_WORK ORDER:_
Every entry below should be written out again exactly.

(Entries taken from a collection)
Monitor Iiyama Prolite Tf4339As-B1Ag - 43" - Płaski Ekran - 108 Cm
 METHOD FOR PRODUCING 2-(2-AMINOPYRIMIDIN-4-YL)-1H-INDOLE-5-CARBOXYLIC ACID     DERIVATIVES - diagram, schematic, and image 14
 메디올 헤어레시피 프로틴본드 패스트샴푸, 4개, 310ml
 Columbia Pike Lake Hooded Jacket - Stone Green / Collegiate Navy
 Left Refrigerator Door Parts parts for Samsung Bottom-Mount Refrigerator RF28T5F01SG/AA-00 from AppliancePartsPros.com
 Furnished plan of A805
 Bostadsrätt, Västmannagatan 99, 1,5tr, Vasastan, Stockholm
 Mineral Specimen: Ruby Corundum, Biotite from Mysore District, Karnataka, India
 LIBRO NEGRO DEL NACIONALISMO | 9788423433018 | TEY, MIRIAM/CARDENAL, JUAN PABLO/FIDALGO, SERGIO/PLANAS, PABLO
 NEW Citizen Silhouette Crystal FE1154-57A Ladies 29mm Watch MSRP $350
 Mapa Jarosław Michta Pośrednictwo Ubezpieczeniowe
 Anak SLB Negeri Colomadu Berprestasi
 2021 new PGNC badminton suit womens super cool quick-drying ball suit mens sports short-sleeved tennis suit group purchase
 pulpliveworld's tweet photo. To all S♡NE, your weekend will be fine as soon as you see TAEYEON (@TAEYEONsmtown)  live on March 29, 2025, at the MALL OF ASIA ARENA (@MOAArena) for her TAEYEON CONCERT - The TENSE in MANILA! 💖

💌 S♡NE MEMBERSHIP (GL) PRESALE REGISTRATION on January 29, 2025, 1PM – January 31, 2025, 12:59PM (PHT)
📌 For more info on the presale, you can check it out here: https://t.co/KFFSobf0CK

_FINAL ANSWER:_
Monitor Iiyama Prolite Tf4339As-B1Ag - 43" - Płaski Ekran - 108 Cm
 METHOD FOR PRODUCING 2-(2-AMINOPYRIMIDIN-4-YL)-1H-INDOLE-5-CARBOXYLIC ACID     DERIVATIVES - diagram, schematic, and image 14
 메디올 헤어레시피 프로틴본드 패스트샴푸, 4개, 310ml
 Columbia Pike Lake Hooded Jacket - Stone Green / Collegiate Navy
 Left Refrigerator Door Parts parts for Samsung Bottom-Mount Refrigerator RF28T5F01SG/AA-00 from AppliancePartsPros.com
 Furnished plan of A805
 Bostadsrätt, Västmannagatan 99, 1,5tr, Vasastan, Stockholm
 Mineral Specimen: Ruby Corundum, Biotite from Mysore District, Karnataka, India
 LIBRO NEGRO DEL NACIONALISMO | 9788423433018 | TEY, MIRIAM/CARDENAL, JUAN PABLO/FIDALGO, SERGIO/PLANAS, PABLO
 NEW Citizen Silhouette Crystal FE1154-57A Ladies 29mm Watch MSRP $350
 Mapa Jarosław Michta Pośrednictwo Ubezpieczeniowe
 Anak SLB Negeri Colomadu Berprestasi
 2021 new PGNC badminton suit womens super cool quick-drying ball suit mens sports short-sleeved tennis suit group purchase
 pulpliveworld's tweet photo. To all S♡NE, your weekend will be fine as soon as you see TAEYEON (@TAEYEONsmtown)  live on March 29, 2025, at the MALL OF ASIA ARENA (@MOAArena) for her TAEYEON CONCERT - The TENSE in MANILA! 💖

💌 S♡NE MEMBERSHIP (GL) PRESALE REGISTRATION on January 29, 2025, 1PM – January 31, 2025, 12:59PM (PHT)
📌 For more info on the presale, you can check it out here: https://t.co/KFFSobf0CK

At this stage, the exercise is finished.